[PROVIDED RECORDS]
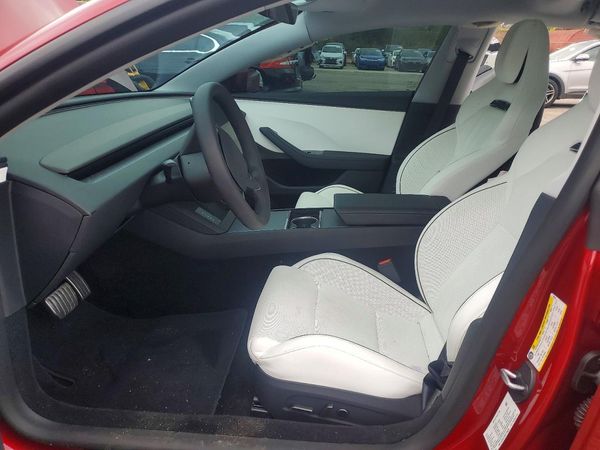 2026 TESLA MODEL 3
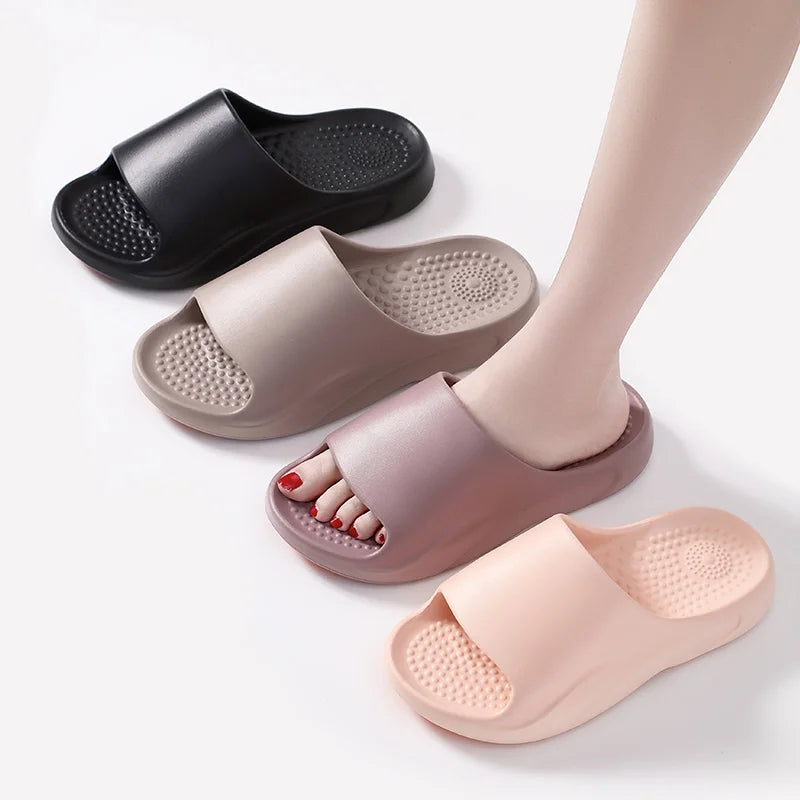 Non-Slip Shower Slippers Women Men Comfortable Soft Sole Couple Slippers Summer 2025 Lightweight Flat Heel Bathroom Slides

* * *

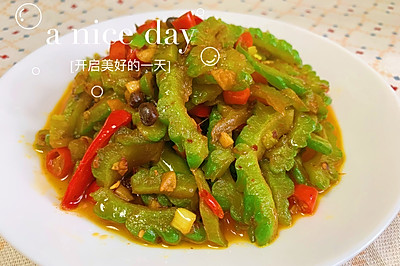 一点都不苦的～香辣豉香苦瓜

--

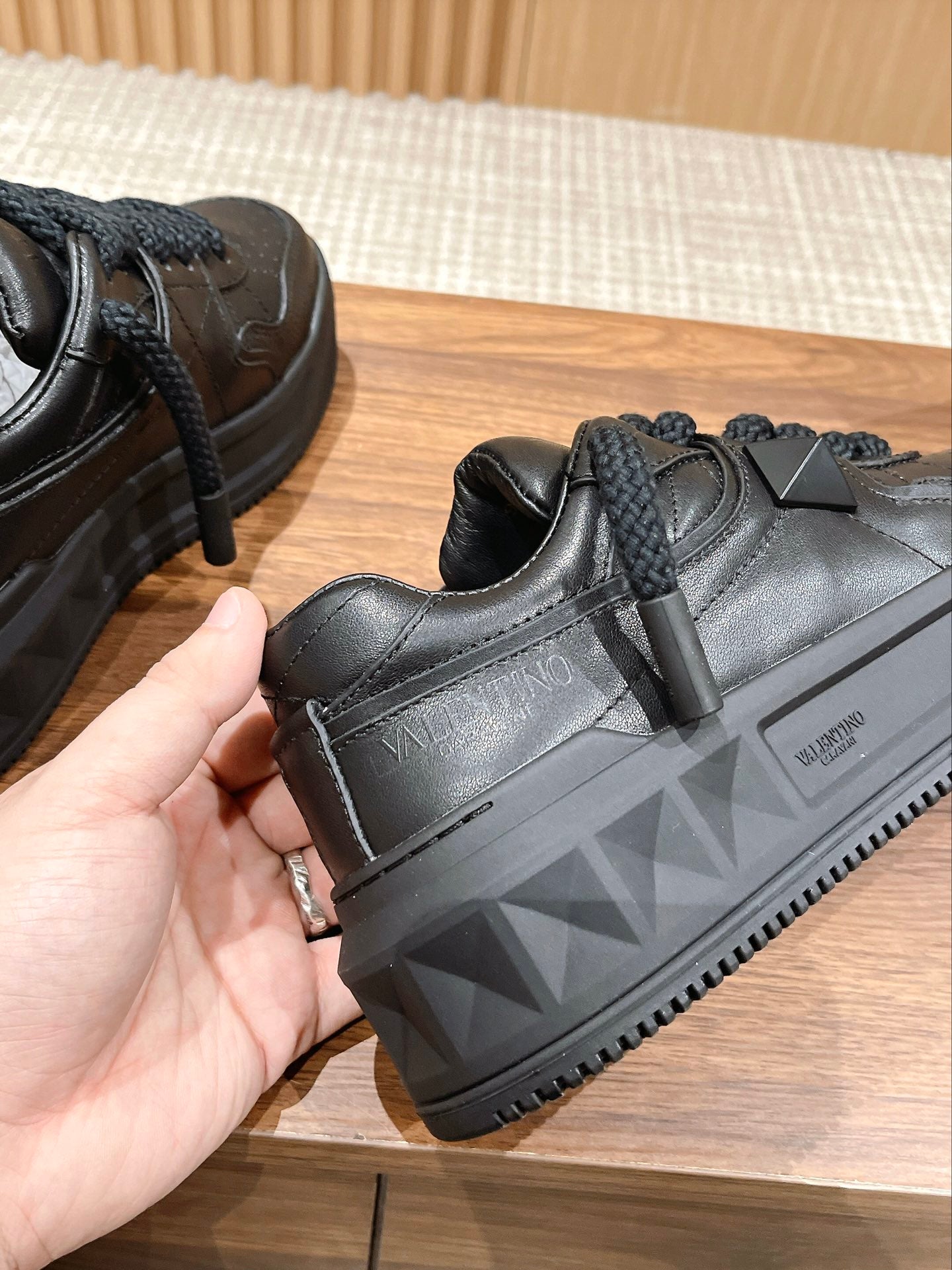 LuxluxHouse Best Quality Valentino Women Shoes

[TASK GOAL]
Beginning with the line above that has "2026 TESLA MODEL 3" and going on through the line that has "Non-Slip Shower Slippers", retype every line exactly and add nothing else; drop the pictures.

[RESPONSE BOX]
 2026 TESLA MODEL 3
 Non-Slip Shower Slippers Women Men Comfortable Soft Sole Couple Slippers Summer 2025 Lightweight Flat Heel Bathroom Slides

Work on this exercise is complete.